L’honorable Amarjeet Sohi, ministre d’Infrastructure Canada. Image de la part du bureau du Ministre Sohi.

Le réseau complexe d’infrastructures du Canada nous permet de transporter les gens, les biens et les services en toute facilité. Il achemine de l’eau potable propre vers nos foyers, crée des espaces propices aux loisirs et aux activités et fournit aux Canadiens des services énergétiques fiables et sécuritaires pour chauffer et alimenter nos maisons, nos entreprises et nos institutions. L’infrastructure qui compose notre pays dote le Canada d’un niveau de vie parmi les plus élevés au monde. Il reste toutefois que la complexité de nos systèmes doit être entretenue et améliorée afin que nous puissions continuer de bénéficier de ces services. Le gouvernement du Canada travaille à bâtir de meilleures infrastructures dans les collectivités de partout au Canada. Ces projets contribueront à la croissance économique à long terme de notre pays, à la création d’emplois et à la réduction des émissions. Plus tôt cet été, j’ai eu l’occasion de discuter avec l’honorable Amarjeet Sohi, ministre d’Infrastructure Canada, au sujet des priorités gouvernementales relativement à ce dossier et de la manière dont l’industrie d’approvisionnement en gaz naturel peut contribuer à atteindre ce but. Voici les points saillants de cette conversation.

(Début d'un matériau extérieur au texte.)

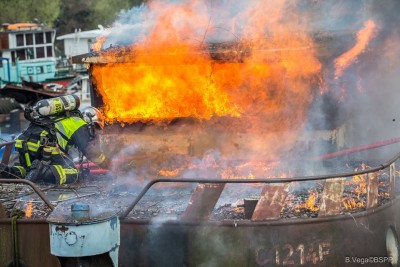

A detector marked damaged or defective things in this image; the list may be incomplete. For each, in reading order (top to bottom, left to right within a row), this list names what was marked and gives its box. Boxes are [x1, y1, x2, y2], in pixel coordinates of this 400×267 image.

rusty metal hull [1, 201, 398, 267]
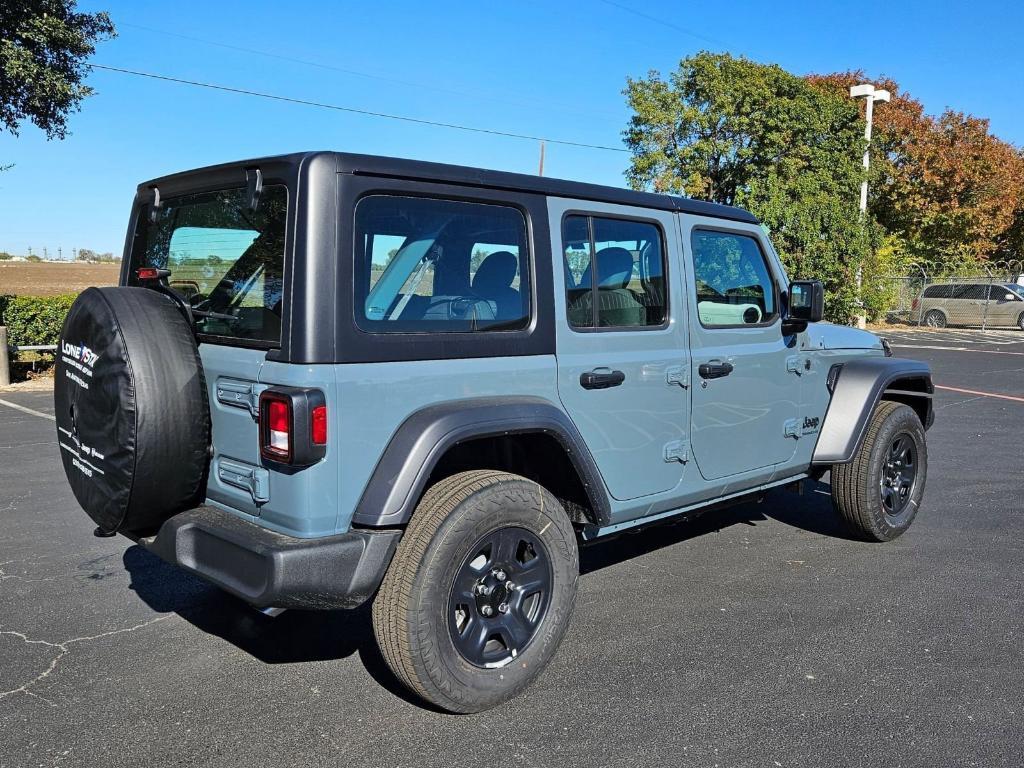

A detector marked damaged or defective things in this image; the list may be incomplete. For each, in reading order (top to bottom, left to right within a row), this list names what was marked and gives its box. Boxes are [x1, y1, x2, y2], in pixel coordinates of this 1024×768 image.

cracked pavement [2, 337, 1024, 768]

Timothy Egan : L’innovation est une priorité absolue pour votre gouvernement et pour notre industrie. En fait, nous travaillons de concert sur plusieurs fronts, particulièrement avec votre collègue, le ministre Carr, et son ministère. Nous sommes d’abord et avant tout une industrie axée sur l’infrastructure, du fait que nous disposons de près de 500 000 km d’infrastructure souterraine dans tout le pays que nous travaillons sans cesse à mettre à niveau. Quelles sont les occasions qui s’offrent à nous de travailler plus étroitement avec votre ministère relativement à ce dossier des infrastructures?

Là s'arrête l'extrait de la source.